Para mim, hoje, a desilusão tem dois nomes: Chico Buarque e Murray Ringold. Essa é uma das virtualidades das obras de arte, consolar-nos.
Chico Buarque é um cantor de intervenção, que desde sempre defendeu os direitos dos mais desfavorecidos. Em "A ópera do malandro", por exemplo, o bas-fond carioca surge sob uma luz simpática. A prostituta Jenny é a vítima por quem nos apiedamos, o general é um refinadíssimo... mau da fita. E assim sucessivamente.
Num dos seus mais recentes álbuns, "Carioca", pode ouvir-se uma canção emblemática, "Outros sonhos" ("Sonhei que o fogo gelou/Sonhei que a neve fervia/ (...)"), onde polícias e ladrões fazem a sua aparição "De mão em mão o ladrão/Relógios distribuía/E a polícia já não batia".
Mas, quando ouvi a faixa "Ode aos ratos", do álbum "Carioca", senti um estranho desconforto.

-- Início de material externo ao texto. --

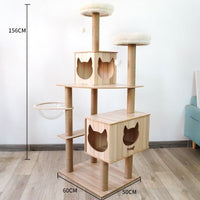 156cm Wooden Cat Tree Tower Scratching Post Scratcher Cats Condo House Bed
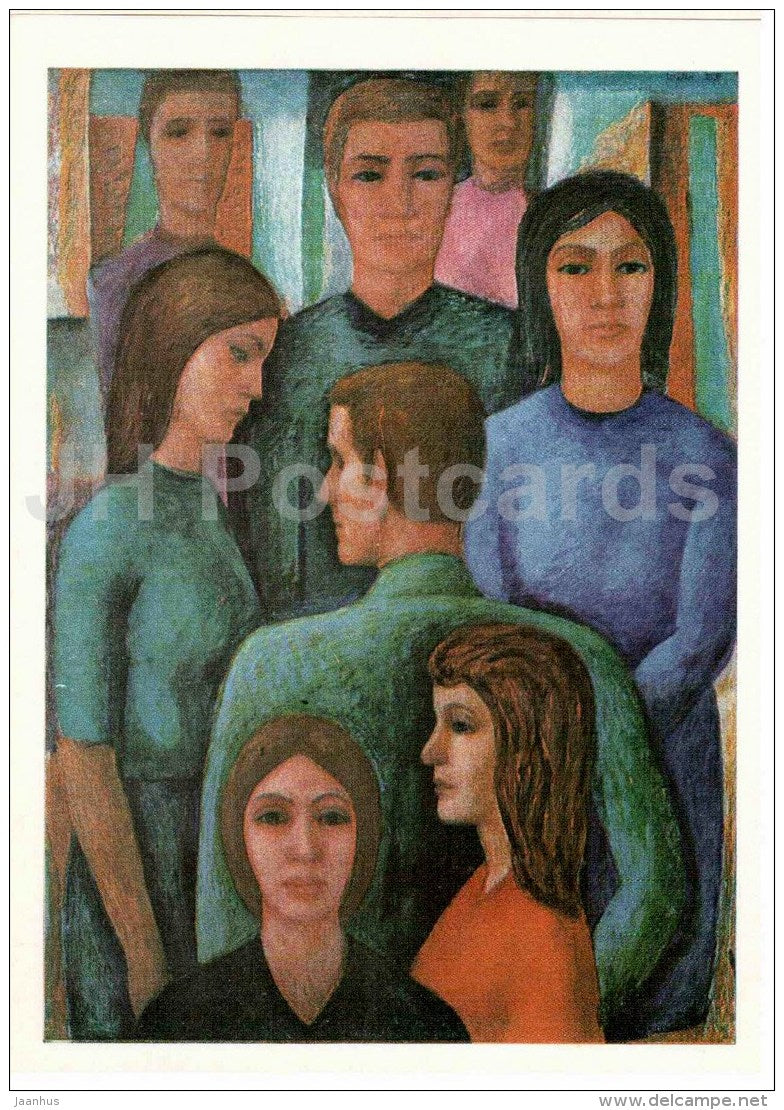 painting by N. Guli - The Street , 1969 - estonian art - Estonia USSR - 1984 - unused - JH Postcards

A própria materialidade da música exaspera, com o ritmo, as aliterações. Imaginei logo o Chico Buarque a ser assaltado, a sentir as suas convicções ir pelo cano abaixo, pelo esgoto. Supu-lo a lidar com o mal-estar escrevendo "Saqueador/Da metrópole/Tenaz roedor/De toda esperança/Estuporador da ilusão" e rematando, a contragosto, o processo de depuração: "Ó meu semelhante/Filho de Deus, meu irmão".